Maverick Citizen


This week — Home Affairs crisis highlighted, World Breastfeeding Week and ushering in Women’s Month

This week — Home Affairs crisis highlighted, World Breastfeeding Week and ushering in Women’s Month
Zimbabwean nationals wait in long queues at Home affairs in Rissik Street on 13 December 2010 in Johannesburg, South Africa. They either still applying or waiting for their work permits before the deadline on 31 December 2010. (Photo by Gallo Images/The Times/Marianne Schwankhart)

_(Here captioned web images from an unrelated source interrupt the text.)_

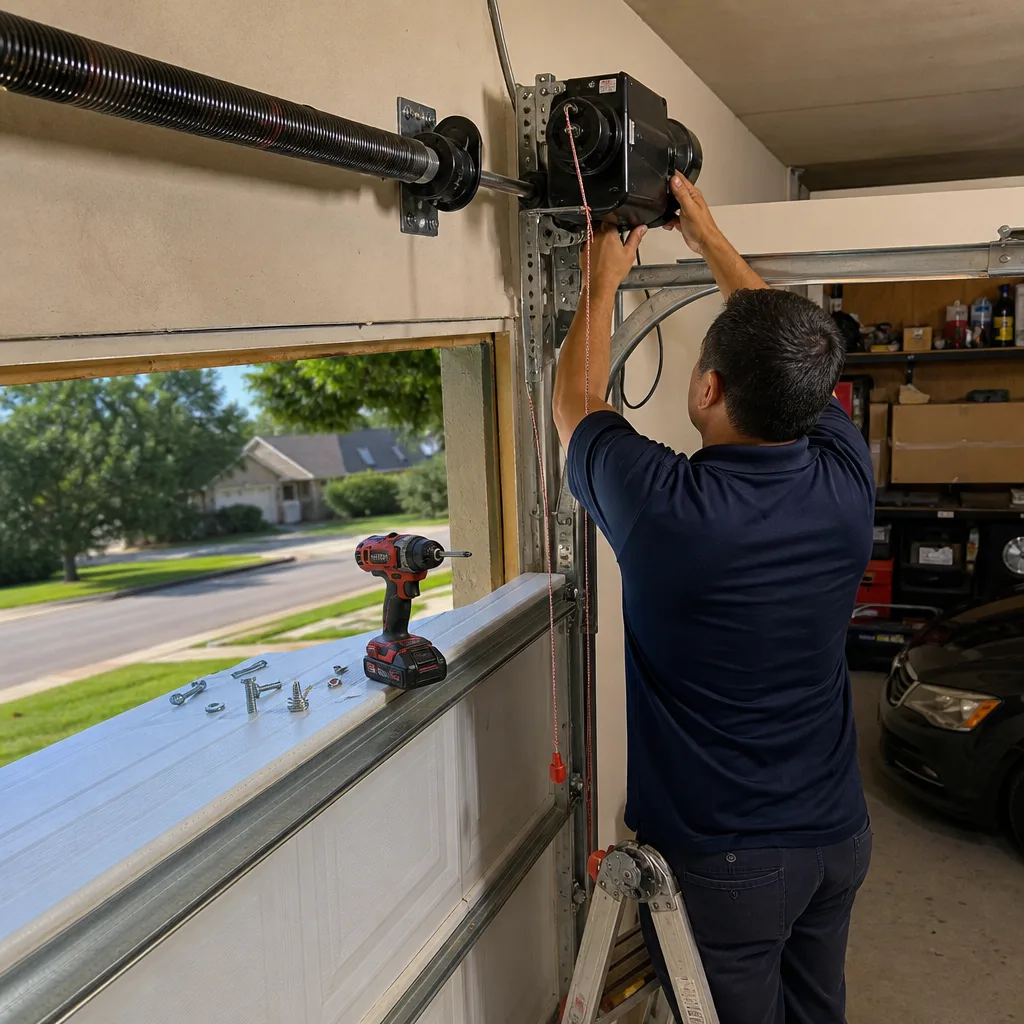 Technician performing professional garage door opener installation and repair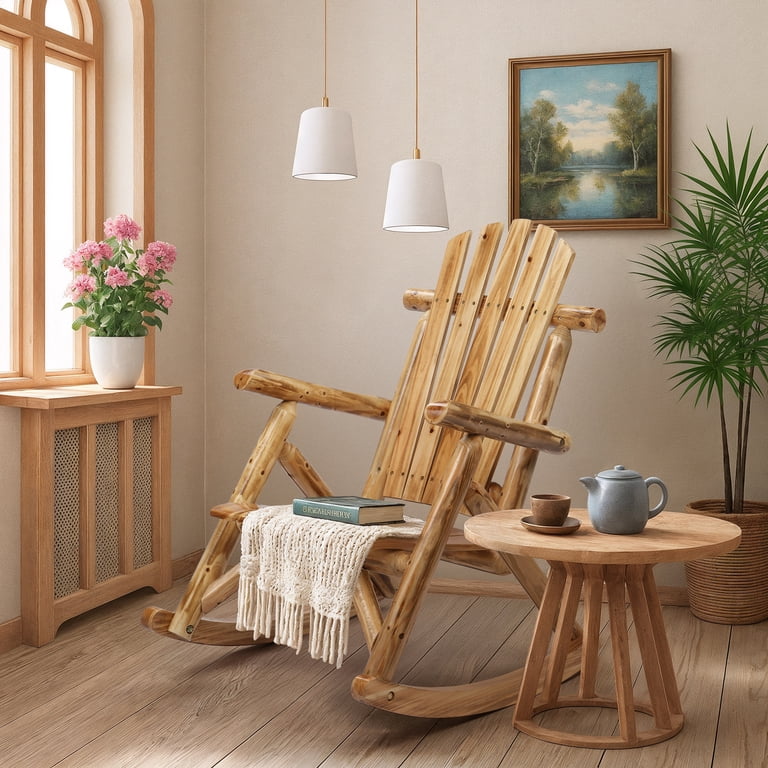 Zimtown 26 in Outdoor Wooden Rocking Chair Patio Adirondack Rocker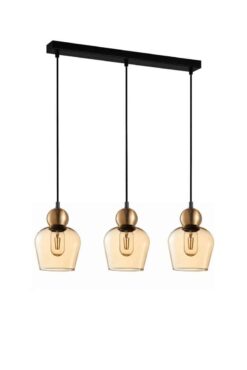 CLA PENDANT ES x 3 72W Bronze Amber Glass ELLIPSE L620XW145XH1000mm | CHAMPAN1X3S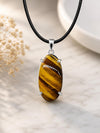 925 Sterling Silver Oval Tiger Eye Pendant Necklace, Boho Gemstone Jewelry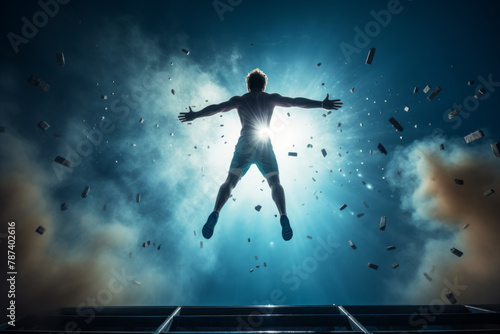 Man Jumping in the Air With Outstretched Arms © Dzmitry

1–7 August is World Breastfeeding Week 

Breastfeeding is one of the most effective ways to ensure a child’s health and survival. However, contrary to World Health Organisation recommendations, fewer than half of infants aged less than six months old are exclusively breastfed.

According to the United Nations, breast milk is the ideal food for infants. It is safe, clean and contains antibodies that help protect against many common childhood illnesses. Breast milk provides all the energy and nutrients that an infant needs for its first months of life, and continues to provide up to half or more of a child’s nutritional needs during the second half of its first year, and up to one third during its second year of life. 

Breastfed children perform better on intelligence tests, are less likely to be overweight or obese, and less prone to diabetes later in life. Women who breastfeed also have a reduced risk of breast and ovarian cancers. Inappropriate marketing of breastmilk substitutes continues to undermine efforts to improve breastfeeding rates and duration worldwide.

On Thursday, 3 August at 12pm, Maverick Citizen journalist Zukiswa Pikoli will host a webinar discussion with child nutrition experts and activists Dr Chantell Witten and Phunyuka Bvuma-Ngwenya. The webinar will discuss how breastfeeding can stem malnutrition and childhood stunting. In 2022, 22.3% (more than one in five) of children under age five worldwide had stunted growth. In South Africa, this number stands at more than 1.5 million children, meaning that almost three out of every 10 children in South Africa are already stunted, making the incidence higher than the global average. Experts and activists, backed by scientific evidence, argue that an increased uptake of breastfeeding can help to mitigate this problem.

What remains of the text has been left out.